Does my Child need a counsellor or therapist?

Published on 8 February 2025 at 14:08

 

To bounce off my other post about knowing when the time is right to begin talking with a counsellor, this is about knowing when your child might be having difficulties enough to find a counsellor to help him or her or them.

The complications with children really are about these factors:

  1. relationship with parent
  2. personality
  3. situation specific
  4. impact on self or others
  5. developmental

Relationship – Parents might be uncertain about whether the issues they are seeing with their child are based solely in the parent-child relationship.   When a parent concludes this, their decision might be that the situation does not require any assistance from a professional.  The problem(s) might still persist, but the parent believes that it is something contained to the relationship, and therefore the child might outgrow the behaviour.  For example, a child might only insist or demand that their mother sleep with them, because they are afraid.  At times when the mother is unavailable to sleep with the child, the other adult is able to put the child to bed with relatively little difficulty.  But when the mother is available again, the pattern repeats itself.  And mother complies by sleeping again with the child.

Personality – Children’s personalities are evolving and developing.  There is always a certain amount of uncertainty as children grow  as to whether their personalities are showing greater signs of being based on nature, or greater signs of being based on nurture or a combination of both.  Indeed this is a fascinating adventure, the one of watching and hypothesizing about where a specific characteristic is from, and who else appears to genetically display it.  However, this undertaking will not bring anyone closer to a decision about whether that characteristic or behaviour is problematic in a way that requires professional involvement.
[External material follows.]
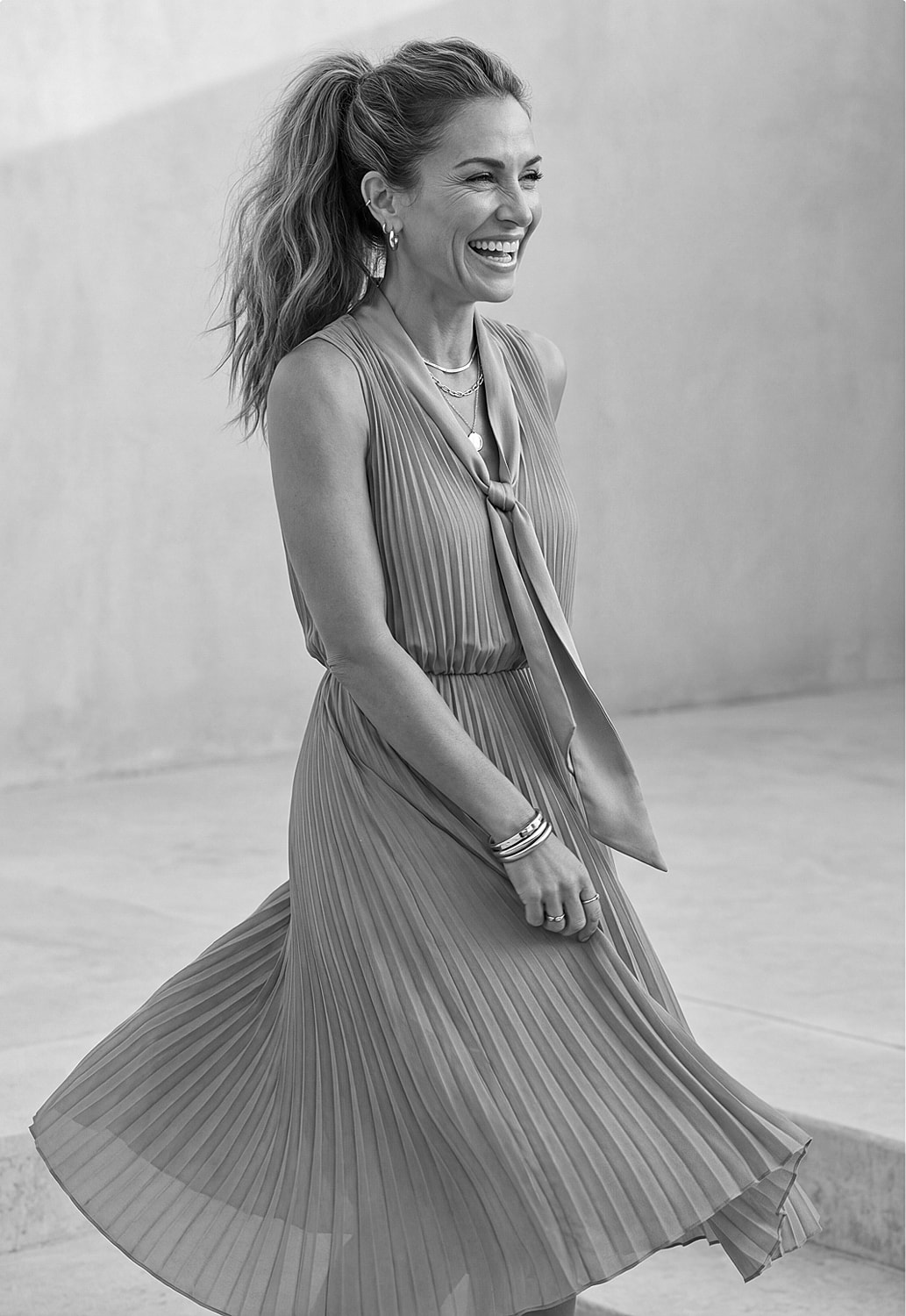 Woman in pleated dress smiling joyfully.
Situation – Similar to the above point regarding issues that might be specific to a relationship, the question about whether an issue is related to a specific situation is also a necessary consideration.  Of course, this point overlaps with the above point about the child’s personality, however there is still a possibility that it can be isolated and considered in singularity.  Small children, who have little exposure to other children and therefore little opportunity to learn social skills, might consistently behave in an overly aggressive manner with other children are present.  The opposite is also true for children, in that they might behave with tremendous shyness and not engage at all with other children.  This is the point which might be the easiest of all,  to declare that further information or observation is needed before being able to say that a child needs “professional” help.  Typically, at first point of contact with a professional, a common question is about how often the behaviour is occurring and in how many different settings.   The use of the word, behaviour, is intentional because depending on the age of children, much of what a child feels, will be displayed in their behaviour.
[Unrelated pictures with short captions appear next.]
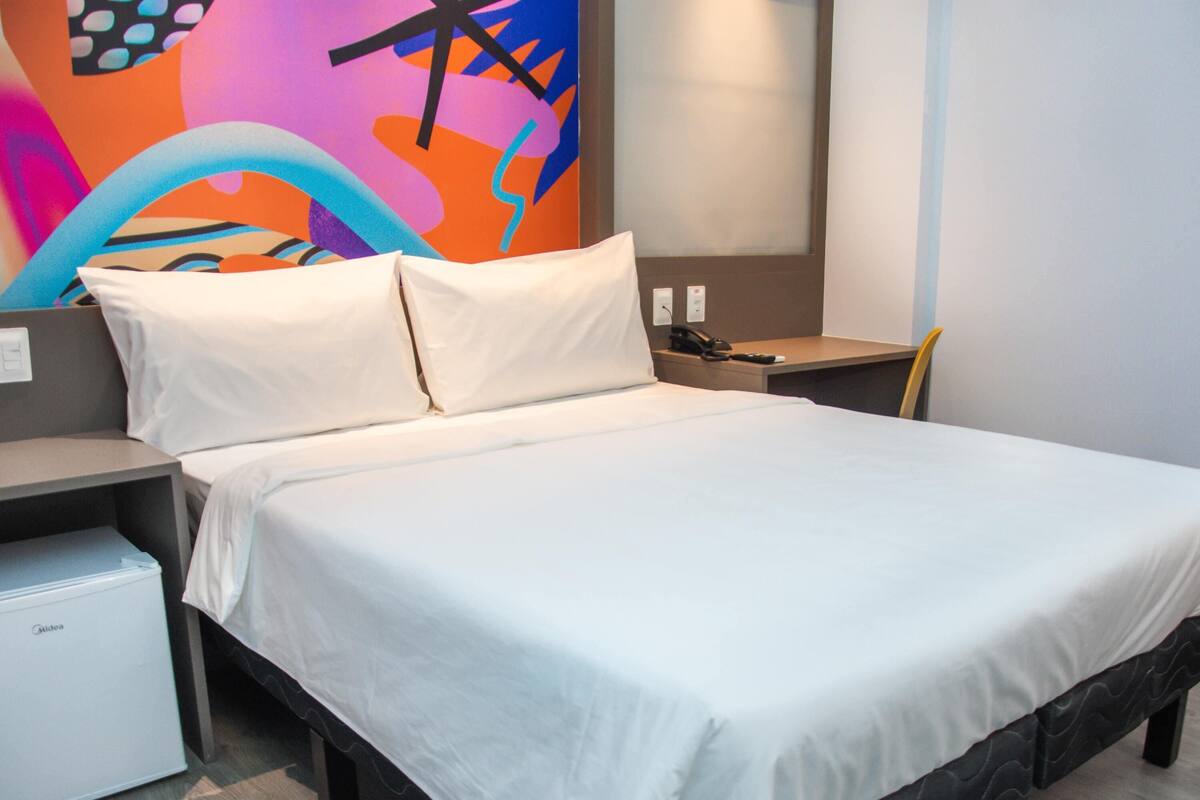 A hotel room with a bed, a nightstand, a desk, a chair, and a small refrigerator.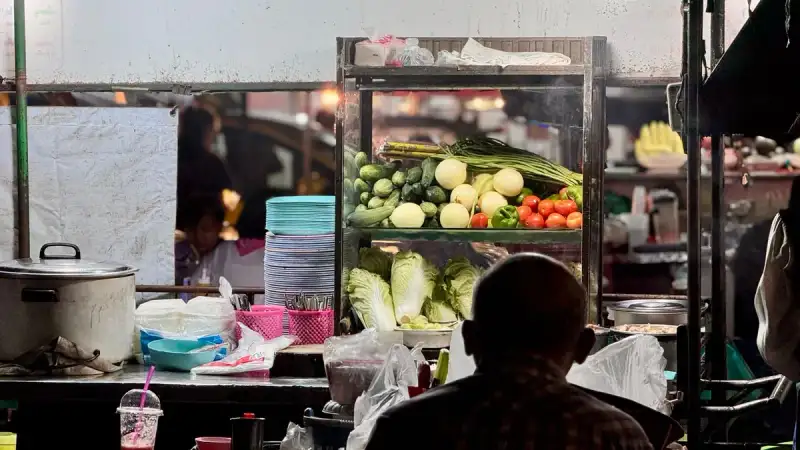 A traditional Chiang Mai street food stall with sai oua and khao soi
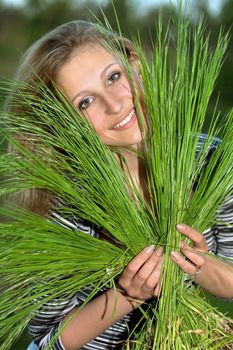 Cheerful blonde with green grass in their hands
Impact – Regarding point #4, the importance here is about how much of an impact the behaviour has on the child, to the point where they are no longer learning other skills, or not being exposed to other situations, that they should as a course of their developmental stage.  For example, youth who experience anxiety or intense nervousness, might restrict themselves from going out with other youth.  Children who do not like experiencing a certain feeling when exposed to something, might avoid it as a coping strategy.  Too much avoidance at any time, about anything, is never a good thing.  And here, preference is not to be used as an excuse when avoidance is the real goal of the youth or child.  For example, “I don’t like going to the playground!”  “I don’t like talking to people.”

Development – Finally, and another logical step following #4, is about what is appropriate for a child or youth developmentally.  Left unaddressed, children and youth miss out on vital opportunities to develop skills that are necessary for them in leading a productive, independent and satisfactory life, if their avoidant behaviour prevents them from learning.  The child who might avoid playing with others because they are afraid that someone will not like them, never gets the chance to experience what is normal for the majority of the human race.  Without the chance to experience, there is no chance to develop skills.

Ultimately the decision to consult a counsellor is a decision that will be different for every individual because of individual levels of tolerance or acceptance of behaviours as normal.   My best advice is to consider viewing the child or youth with as much objectivity as you can muster.  Ask the child or youth questions if you don’t know the answer or are not sure about whether you are right about your “guesses”.